The Coen brothers successfully un-shackled themselves as America’s most under-valued filmmakers with the release of Fargo. Having been much adored in cult circles for their work on Raising Arizona, Blood Simple, and numerous other titles–the Coens finally achieved both critical and commercial success with this quirky crime drama that plays like the tonal antithesis of Tarantino’s Pulp Fiction. The mixture of violence, humor and suspense has rarely been carried off with such ease and efficiency of plot.
Jerry Lundegaard (William H. Macy) is a car salesman in Minneapolis who has gotten himself into an illegal scheme that involves fraudulent loans to populate his car lot. Desperate for money, Jerry employs two low-lives (Steve Buscemi), (Peter Stormare) to kidnap his own wife. The plan is to have the wife’s rich father (Harve Presnell) pay the ransom, which would be split between Jerry and the kidnappers. The scheme collapses when the thugs kill a state trooper and a car full of witnesses.
Frances McDormand is Marge Gunderson, a pregnant trooper investigating the murder of the officer and innocent by-standers. Margie’s ultra-polite demeanor hides a fierce detective, who happens to be the undoing of Lundegaard.

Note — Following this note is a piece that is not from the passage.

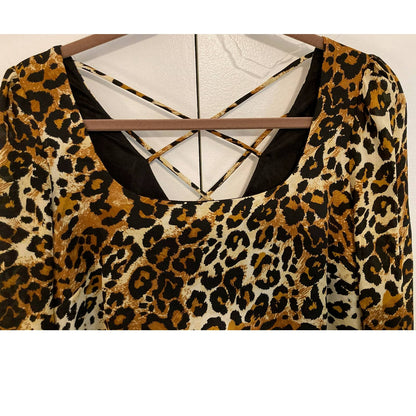 Kenedik Animal Print Square Neck Crisscross V-Back Mini Dress Sz Small Multi NWT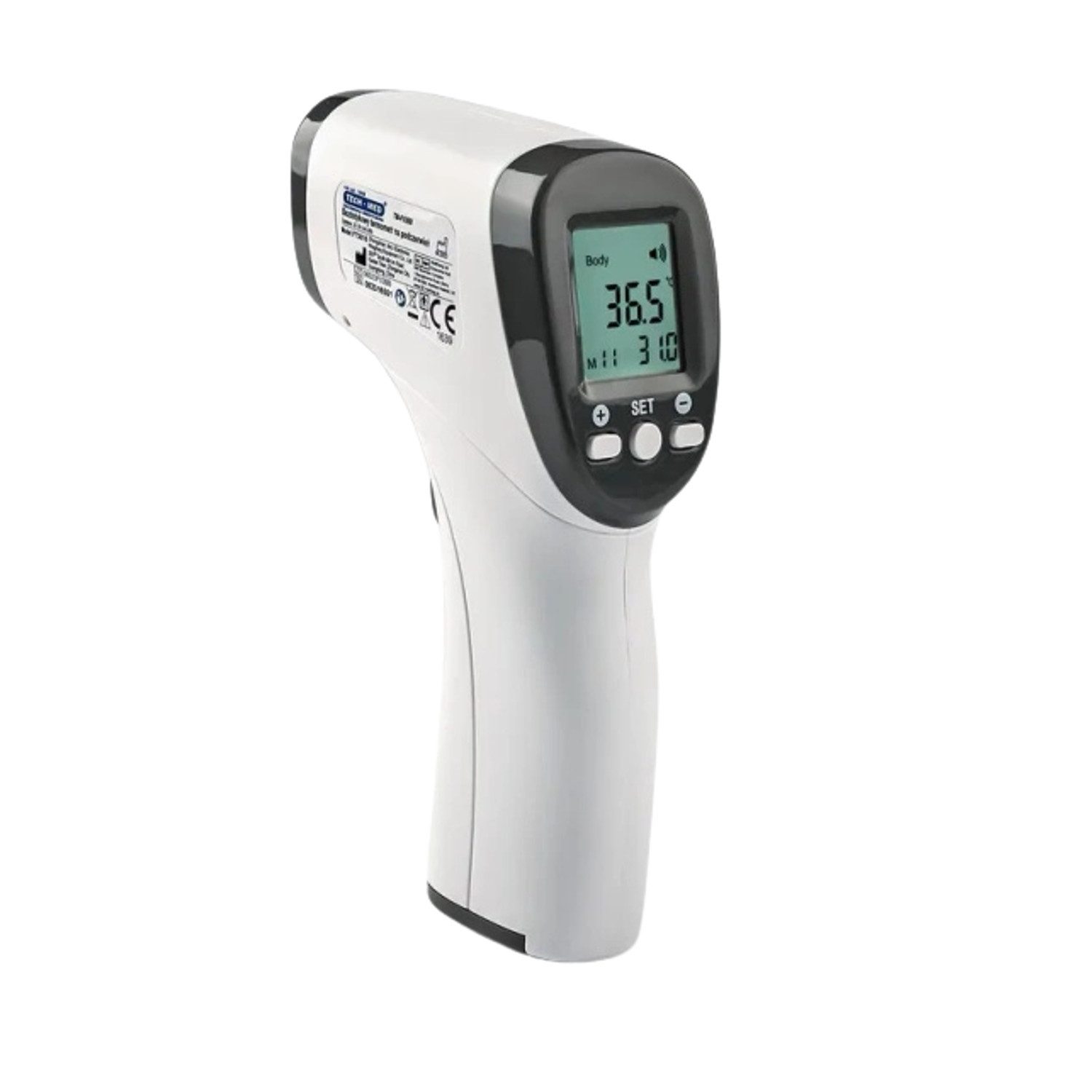 Tech-Med Fieberthermometer TM-F03BB kontaktloses Thermometer mit Alarmspeicher, LCD-Anzeige, Speicher für 32 Ergebnisse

Fargo is a nearly flawless film. I would remove a scene at the midway point that has Marge and an old classmate reunite for an awkward get together. The photography is stark and haunting and the score pulsates with a dark hostility. The Coen’s have created original characters and their cast has animated them with such richness that two decades later, Fargo is still a masterpiece.